§ **Required work**
Your output is the line containing "this 414×290 image." plus all lines after it to the end of the records, reproduced exactly, with nothing else.
Source material below:
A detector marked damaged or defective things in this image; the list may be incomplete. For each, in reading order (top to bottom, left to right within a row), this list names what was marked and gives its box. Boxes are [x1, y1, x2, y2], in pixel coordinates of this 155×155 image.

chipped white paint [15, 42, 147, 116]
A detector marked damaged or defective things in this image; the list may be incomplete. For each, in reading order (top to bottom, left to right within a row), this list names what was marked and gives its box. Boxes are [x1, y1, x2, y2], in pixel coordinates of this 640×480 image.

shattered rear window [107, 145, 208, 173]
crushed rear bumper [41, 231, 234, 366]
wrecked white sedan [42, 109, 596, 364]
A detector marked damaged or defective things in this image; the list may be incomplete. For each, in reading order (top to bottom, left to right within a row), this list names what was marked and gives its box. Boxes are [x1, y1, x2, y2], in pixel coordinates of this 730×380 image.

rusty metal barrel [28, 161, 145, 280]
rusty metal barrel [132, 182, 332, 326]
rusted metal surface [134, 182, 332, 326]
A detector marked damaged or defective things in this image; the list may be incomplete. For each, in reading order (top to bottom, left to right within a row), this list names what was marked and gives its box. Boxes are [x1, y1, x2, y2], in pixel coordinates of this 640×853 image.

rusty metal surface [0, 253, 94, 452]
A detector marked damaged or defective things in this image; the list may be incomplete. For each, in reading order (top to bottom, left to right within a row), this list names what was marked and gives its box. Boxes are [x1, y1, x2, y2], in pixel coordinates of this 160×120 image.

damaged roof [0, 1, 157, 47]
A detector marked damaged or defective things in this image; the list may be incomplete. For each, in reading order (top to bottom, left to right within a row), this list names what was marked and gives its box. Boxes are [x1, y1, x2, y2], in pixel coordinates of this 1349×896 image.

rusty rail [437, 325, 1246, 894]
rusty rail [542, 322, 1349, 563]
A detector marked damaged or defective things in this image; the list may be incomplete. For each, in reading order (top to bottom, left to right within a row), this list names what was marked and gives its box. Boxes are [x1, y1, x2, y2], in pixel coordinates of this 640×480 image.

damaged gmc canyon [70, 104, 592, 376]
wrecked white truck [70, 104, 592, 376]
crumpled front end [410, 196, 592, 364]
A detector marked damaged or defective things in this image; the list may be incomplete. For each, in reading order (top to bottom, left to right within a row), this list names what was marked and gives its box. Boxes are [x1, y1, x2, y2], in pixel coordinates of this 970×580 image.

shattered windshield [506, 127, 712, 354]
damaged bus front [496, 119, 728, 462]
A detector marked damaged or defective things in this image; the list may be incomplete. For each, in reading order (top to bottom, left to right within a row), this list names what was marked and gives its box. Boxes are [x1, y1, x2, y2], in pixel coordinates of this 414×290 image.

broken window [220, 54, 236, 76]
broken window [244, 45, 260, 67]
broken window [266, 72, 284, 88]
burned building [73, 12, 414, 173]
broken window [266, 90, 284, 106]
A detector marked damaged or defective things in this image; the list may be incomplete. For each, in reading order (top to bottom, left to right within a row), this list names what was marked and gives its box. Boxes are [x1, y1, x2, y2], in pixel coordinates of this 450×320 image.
End of Source material.
§ **Answer for this exercise**
A detector marked damaged or defective things in this image; the list may be incomplete. For each, in reading order (top to bottom, left to right within a row), this list names what was marked and gives its box. Boxes are [x1, y1, x2, y2], in pixel coordinates of this 414×290 image.

broken window [220, 54, 236, 76]
broken window [244, 45, 260, 67]
broken window [266, 72, 284, 88]
burned building [73, 12, 414, 173]
broken window [266, 90, 284, 106]
A detector marked damaged or defective things in this image; the list may be incomplete. For each, in reading order (top to bottom, left to right within a row), this list names what was marked and gives its box. Boxes are [x1, y1, x2, y2], in pixel coordinates of this 450×320 image.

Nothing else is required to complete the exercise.